Richard had remained silent, just looking up at the stars.
“It’s true,” Cyrus had said. “I’m a joke. He wanted someone to take over his businesses and his life. Instead he got me. I’m scrawny and read books and what I really want is to be a professor. Right here. But even this … Father selected Kirkland House. The jock house, as if I would ever fit in here. It was his, so it had to be ours.”
Richard sighed and took a drink from his hip flask. He had a warm glow growing in his stomach.
“I just give him what he wants,” Richard said. “It’s easier.”
“That’s easy for you to say. You want the same things he does.”
Richard shook his head. “No. I’m going away. Far away. Screw him. I’ll be on the other side of the world, and Father can find someone else to take over his metal shavings or whatever the hell it is he makes.”
Cyrus sat up, startled. “Where are you going?”

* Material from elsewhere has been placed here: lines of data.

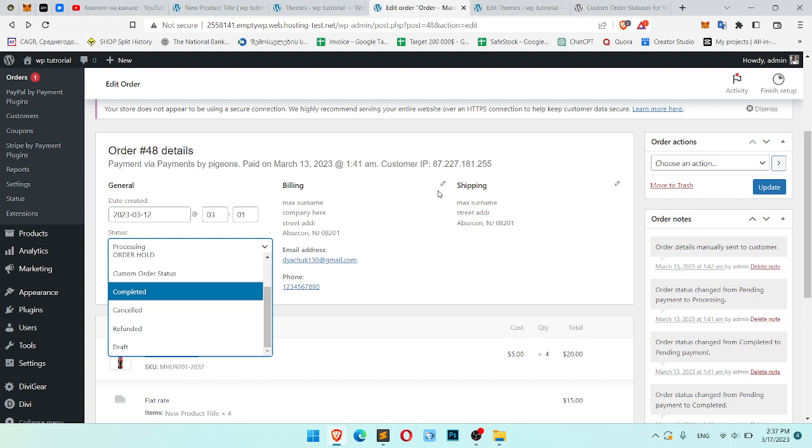Okay, in previous videos we learned how to add custom order status, how to rename it, how to change it, and how to remove it.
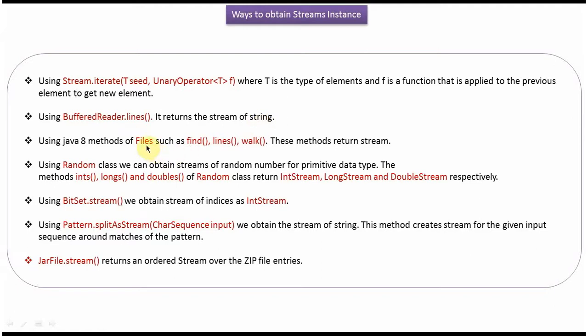In Java 8, in the Files class, the find(), lines(), and walk() methods are introduced. These methods return a stream.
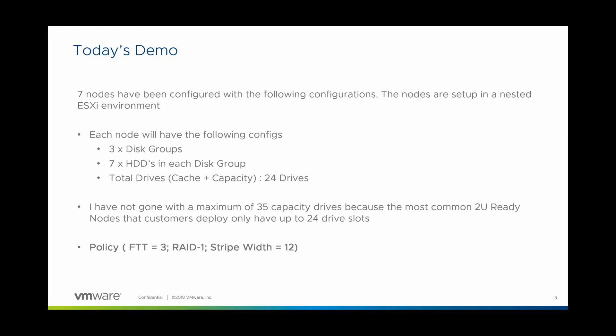Very rare you see a 35 drive, so I've not gone with 35, partly because I also kind of ran out of capacity in my lab. So the policy that I built is FTT equals three using RAID one and stripe width of 12. I've used 12 as a maximum because I wanted to get as much of the data on as many drives as possible.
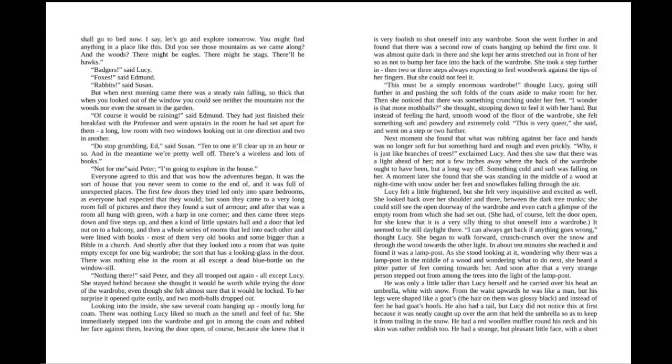"This is very queer," she said, and went on a step or two further. Next moment, she found that what was rubbing against her face and hands was no longer soft fur, but something hard and rough and even prickly. "Why, it is just like branches of trees," exclaimed Lucy. And then she saw that there was a light ahead of her, not a few inches away where the back of the wardrobe ought to have been, but a long way off. Something cold and soft was falling on her. A moment later, she found that she was standing in the middle of a wood at night time, with snow under her feet and snowflakes falling through the air.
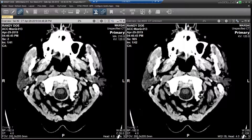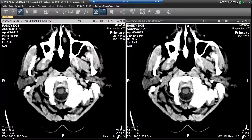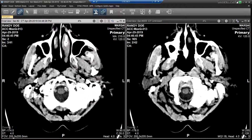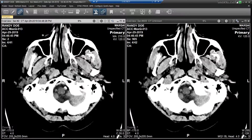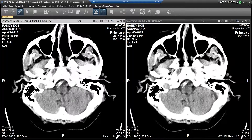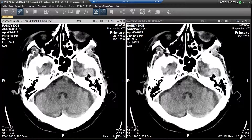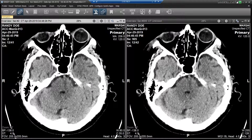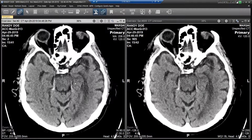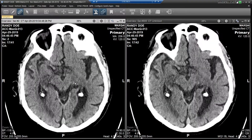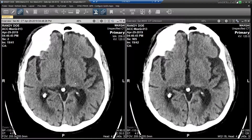The AI results can be automatically incorporated into the hanging or step protocols. This allows the AI results to be shown along with the current study. In this example, we are seeing the primary study on the left. A DICOM secondary capture series produced by the AI algorithm is automatically hung for me on the right.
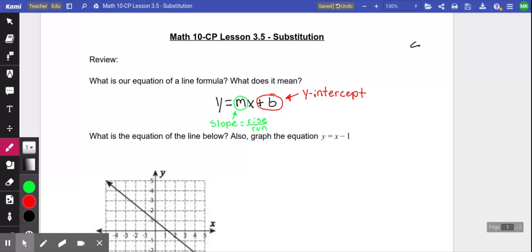The letter Y and the letter X represent coordinates — it's how you describe where something is on a graph. That part should have been from Math 9. You can describe a point by saying its X value — how far left or right it's gone — and its Y value — how high up or down it's gone.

Richard said, “Can I tell you a secret? A real secret—you can’t say anything to anybody.”
“Of course.”
Richard looked over his shoulder, even though he knew no one else was up on the roof. He whispered, “Last month I met a recruiter for the CIA.”
“What?”
Richard nodded. “They won’t do anything until I graduate, of course. But he said they’re looking for people with language talents and who can move around with rich people. Diplomats. Whatever.”
Cyrus was dumbfounded. “But … but … what if you end up in some place like Vietnam?”
Richard sh
rugged. “Better with the CIA than as a draftee. Speaking of which … how are your grades?”
Cyrus had been placed on academic probation during the first semester. One more failed class and he’d be booted out of Harvard—and would lose his draft deferment. There were always ways around such things, of course, but Richard and Cyrus both knew that their bastard of a father wouldn’t use them. He’d sooner send his older son off to be killed in some jungle than he would recognize that he wasn’t a clone of his father.
Cyrus sighed at the question. Then he whispered, “I’m failing.”
“Why?” Richard said. “You’re just as smart as I am. Smarter.”
Cyrus shrugged and looked away. “I don’t know. Sometimes it’s just hard to care.”
Three weeks later final grades had been published and it became official. Cyrus was kicked out. His draft lottery number had already been called, and only the student deferment kept him out of the Army.
They’d returned home to San Francisco, and both brothers had been called into their father’s office—the same room that once became Richard’s office after the old bastard died. Father had hugged Richard and smiled at him, complimenting his grades and his lacrosse trophy.
Then he turned to his elder son. “I’m ashamed of you, Cyrus. You’re … a disgrace to your family.”
“Father … what should I do?”
Cyrus Thompson III just stuck his nose in the air and looked away from his son. “I suppose you’ll have to go to war. Maybe it will finally turn you into a man. Get out of my sight. You disgust me.”
Cyrus fled. Richard stood there without responding. His father turned toward him and said, “Your brother isn’t capable of leading a squad of mice out of a paper bag. You’ll take over the business when I retire.”
Richard shrugged. “Don’t count on it, Father. I may have other plans.”
His father’s face had turned red, and he shouted, “You’ll make plans I approve of and none other!” he’d thundered.